Others who work nearby also said they doubted that the 10-year-old pit bull posed a serious threat to the officers.

“She was never aggressive. I never even heard her growl. There’s no way she would attack,” said Michael Faye, a photographer whose studio is nearby and who had known the dog for three years.

Mark Helf, an art director working at the studio on a sportswear advertising photo shoot, described the scene as heart-wrenching.

“They wouldn’t let Benny go to his dog, even to put a compress on the wound. He had to basically watch his dog bleed to death and die over a two-hour period.

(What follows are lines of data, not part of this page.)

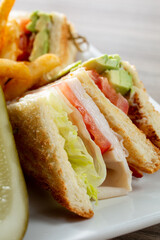 A closeup view of a club sandwich.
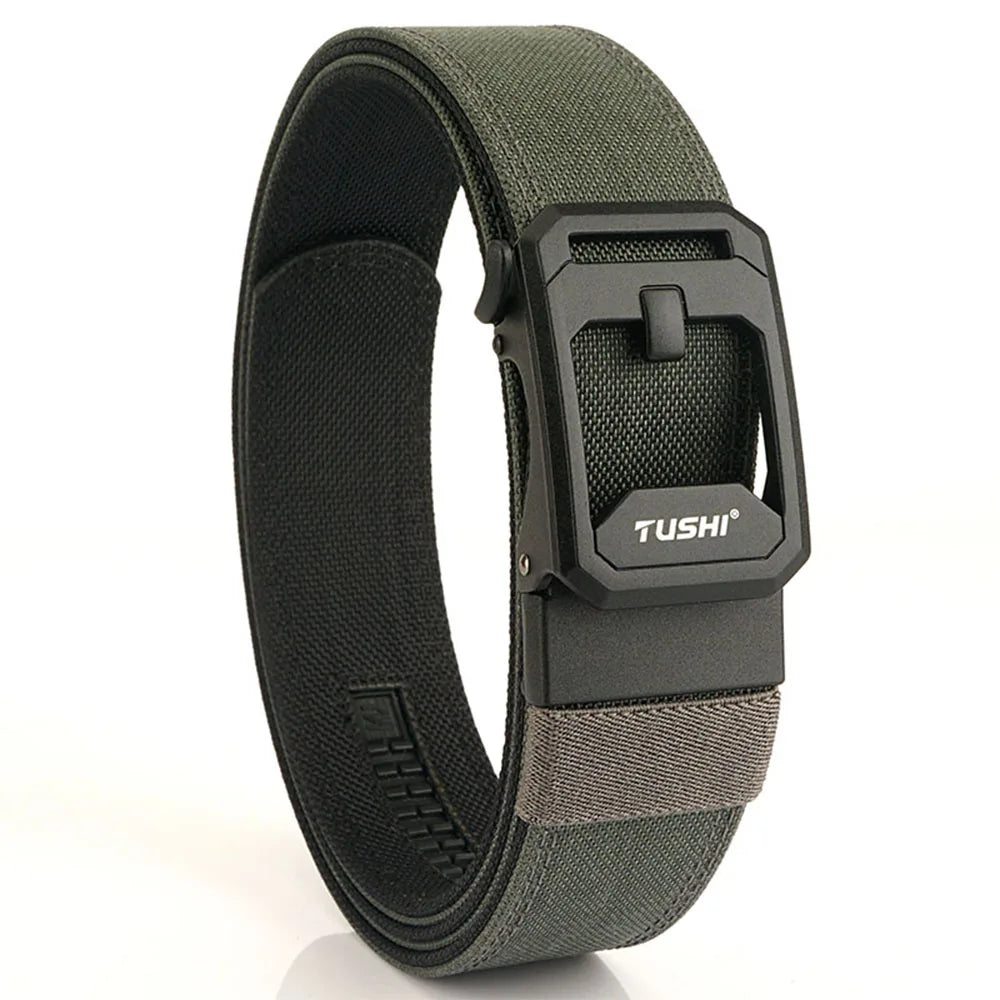 TUSHI Hard Tactical Belt for Men Sturdy Nylon Metal Automatic Buckle Police Duty Military Belt Outdoor Girdle IPSC Accessories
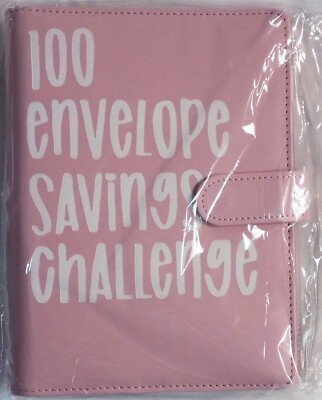100 Envelope Challenge Budget Planner, $5,050 Money Saving Cash Challenge, Pink-image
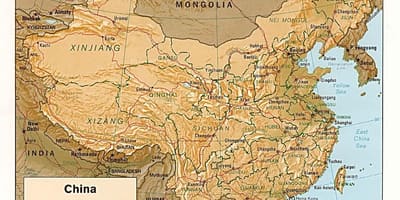 Geografische kaart van China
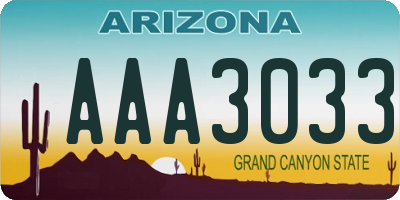 AZ license plate AAA3033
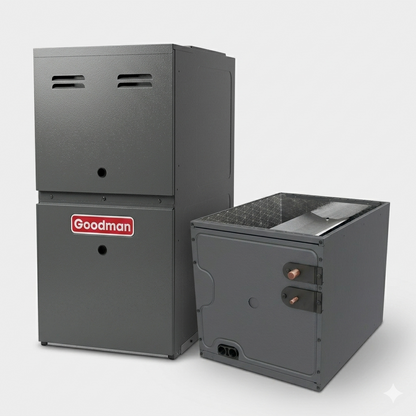Goodman 2.5 Ton 80% AFUE Furnace and Coil System - R32 - Upflow/Horizontal
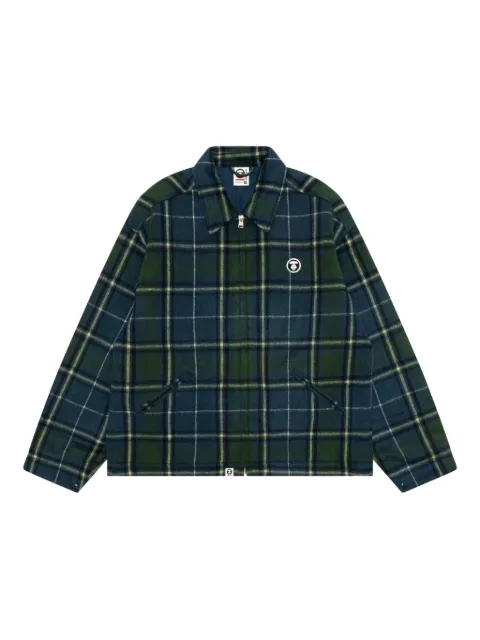 AAPE BY *A BATHING APE® check appliqué jacket Blue AJK7733XXP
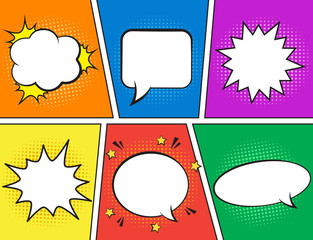 Wall Mural - retro comic empty speech bubbles set on colorful background. vector illustration, vintage design, po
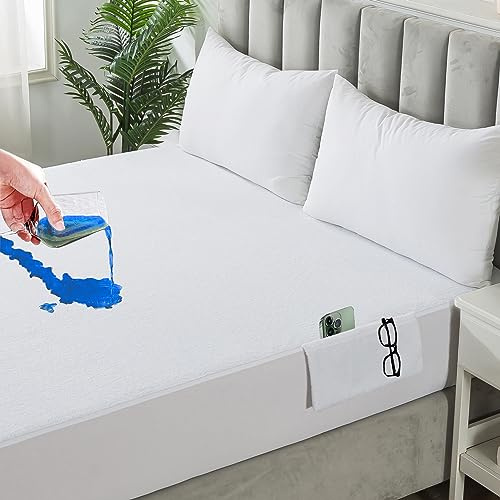 Matratzenschoner, wasserdicht, 140 x 190/200 cm, Höhe 30 cm, Spannbettlaken, hypoallergen, sehr atmungsaktiv, Anti-Schrumpfung, Schutz gegen Milben und Bakterien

“I heard Benny plead, ‘Please, please shoot my dog, put it out of its misery.’ They wouldn’t even do that,” Helf said.

[Benny] Josephs, who heard the gunshot but did not see the shooting, said he tried to aid his wounded dog but was blocked by police.

“Teri tried to get up and kept falling down. They wouldn’t let me help her,” he said.

6 Replies to “Does the LAPD have a policy on shooting dogs yet?”

  1. maybe benny should have kept his dog on a leash.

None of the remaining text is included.